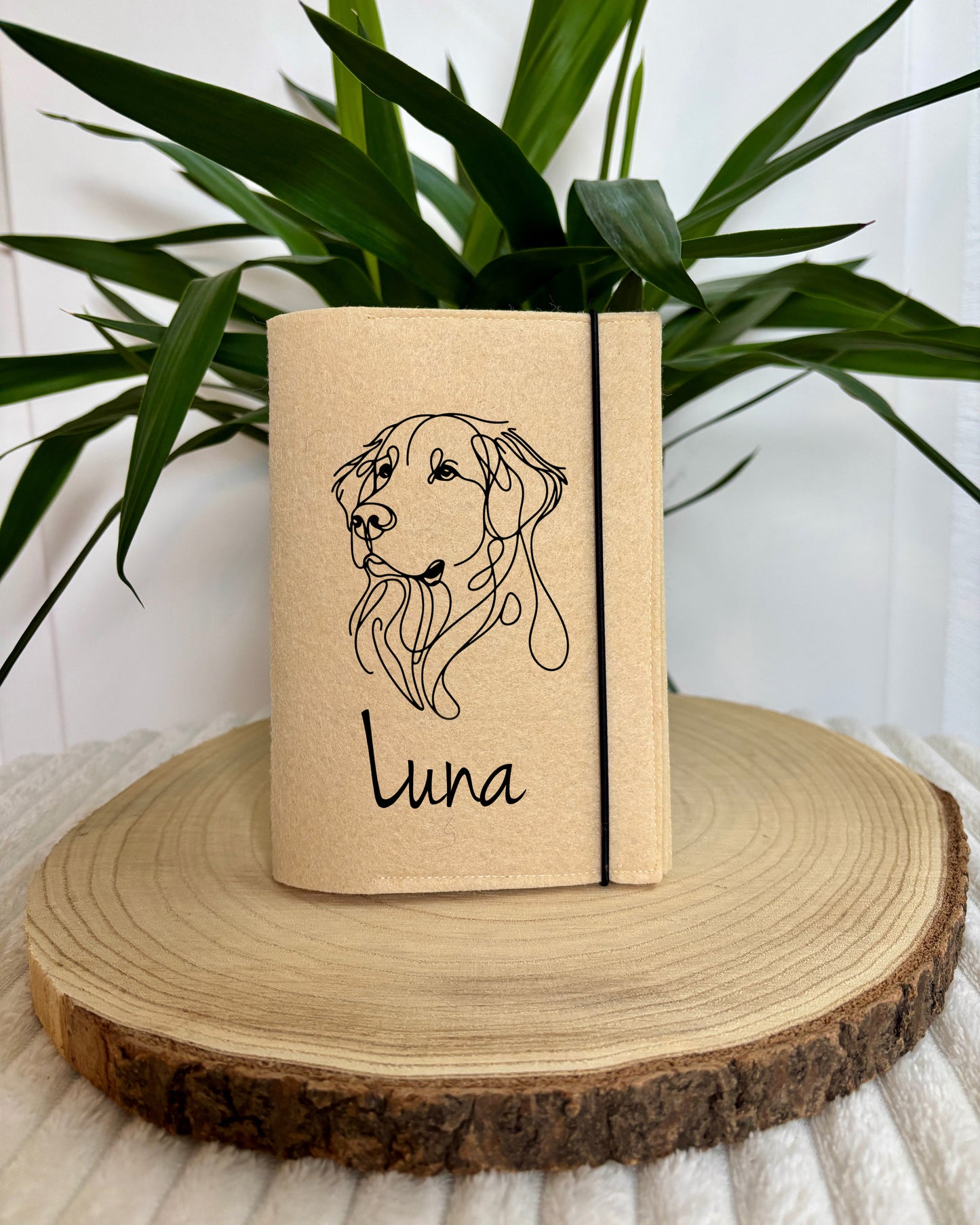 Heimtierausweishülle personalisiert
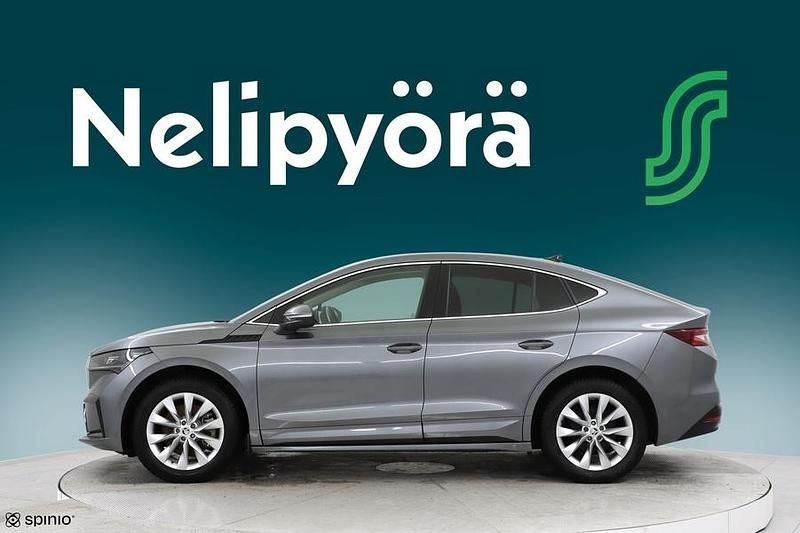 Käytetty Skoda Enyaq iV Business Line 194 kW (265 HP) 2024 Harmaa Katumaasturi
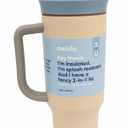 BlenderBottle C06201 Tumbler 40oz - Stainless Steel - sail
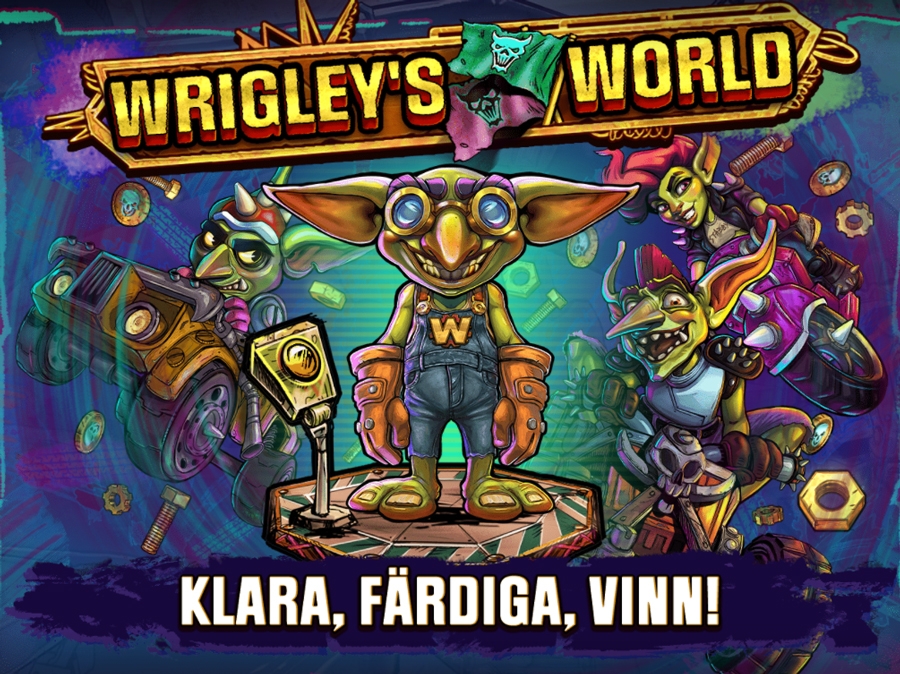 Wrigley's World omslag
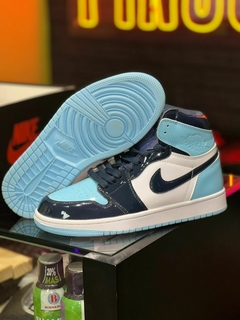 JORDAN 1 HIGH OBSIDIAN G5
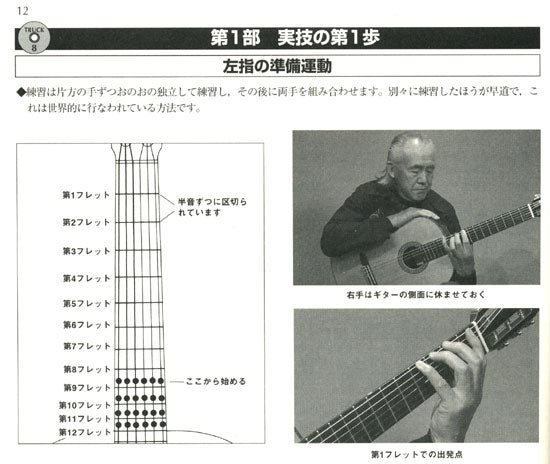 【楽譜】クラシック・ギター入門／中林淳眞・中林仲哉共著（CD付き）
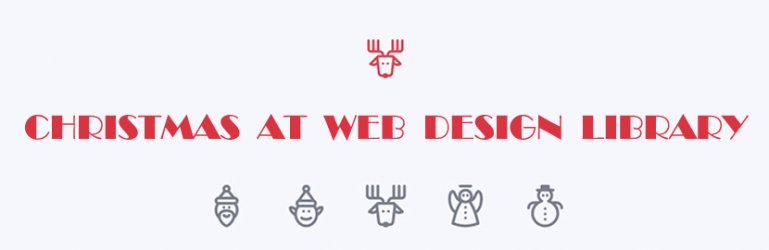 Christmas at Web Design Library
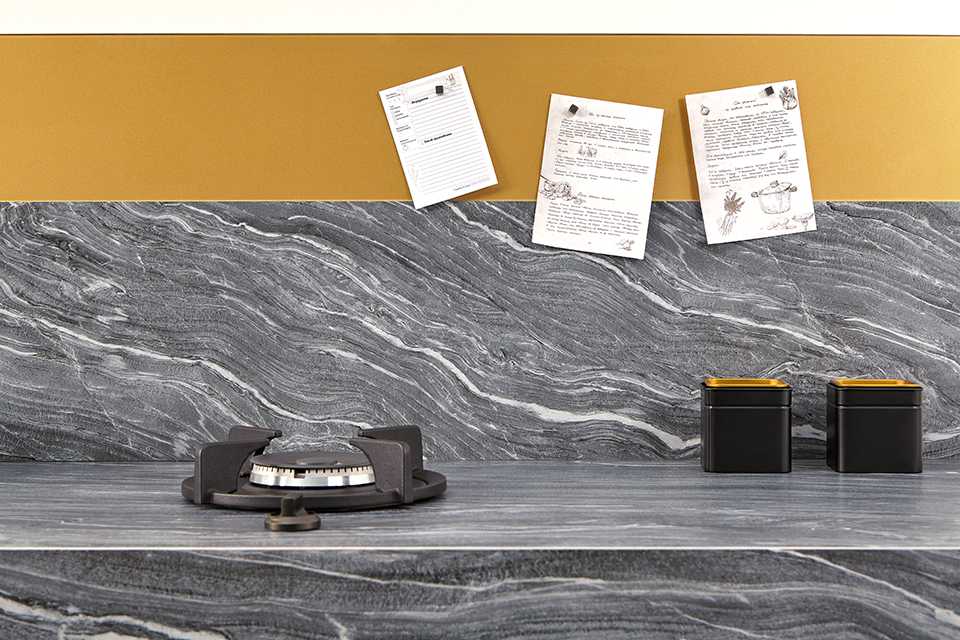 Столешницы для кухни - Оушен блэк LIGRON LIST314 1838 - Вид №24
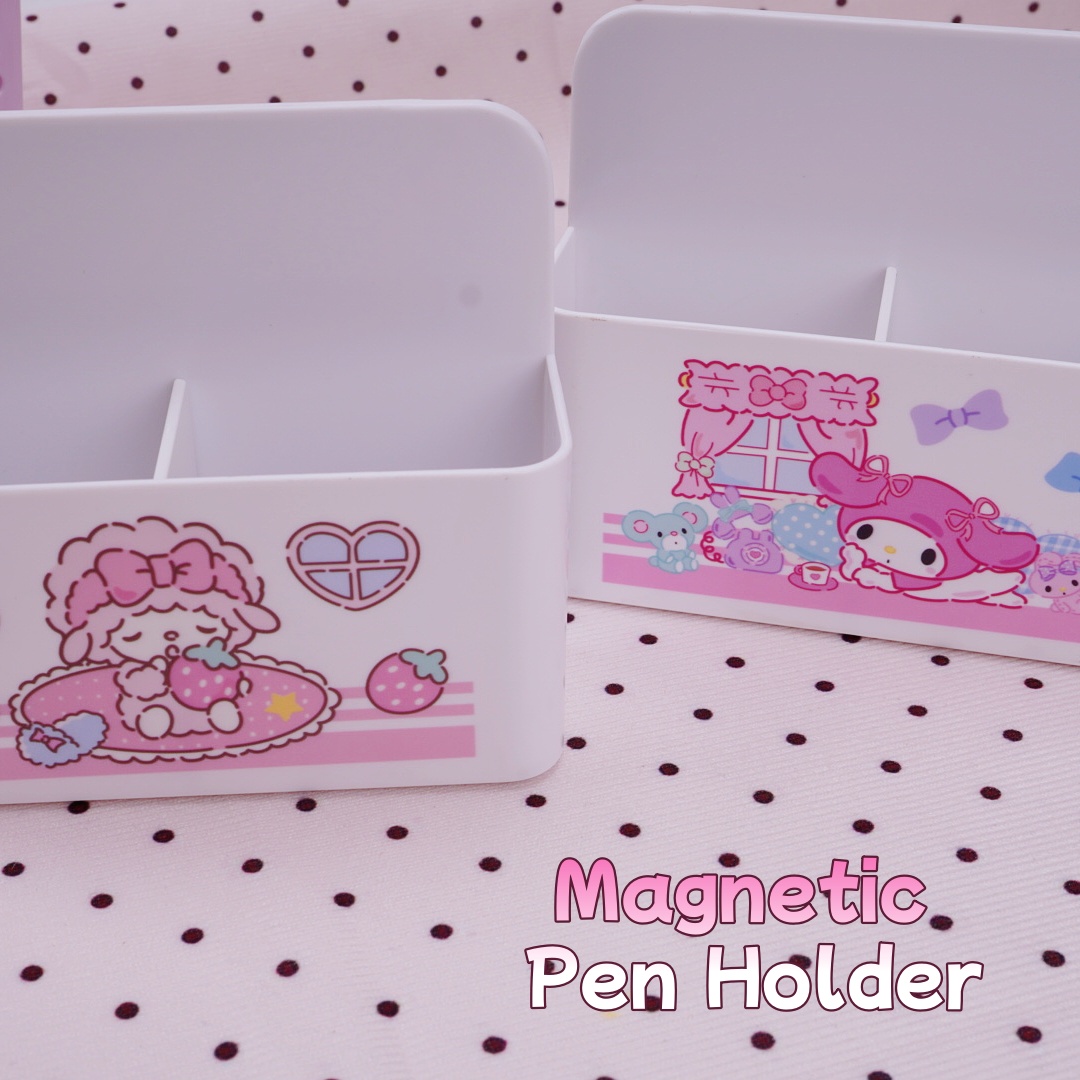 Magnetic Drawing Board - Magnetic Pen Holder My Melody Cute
- - -
* **Your goal**: Write out exactly the lines from the line that contains "BlenderBottle C06201 Tumbler" through the end of the material, including both ends. No pictures belong in the copy.

* **Your solution**:
 BlenderBottle C06201 Tumbler 40oz - Stainless Steel - sail
 Wrigley's World omslag
 JORDAN 1 HIGH OBSIDIAN G5
 【楽譜】クラシック・ギター入門／中林淳眞・中林仲哉共著（CD付き）
 Christmas at Web Design Library
 Столешницы для кухни - Оушен блэк LIGRON LIST314 1838 - Вид №24
 Magnetic Drawing Board - Magnetic Pen Holder My Melody Cute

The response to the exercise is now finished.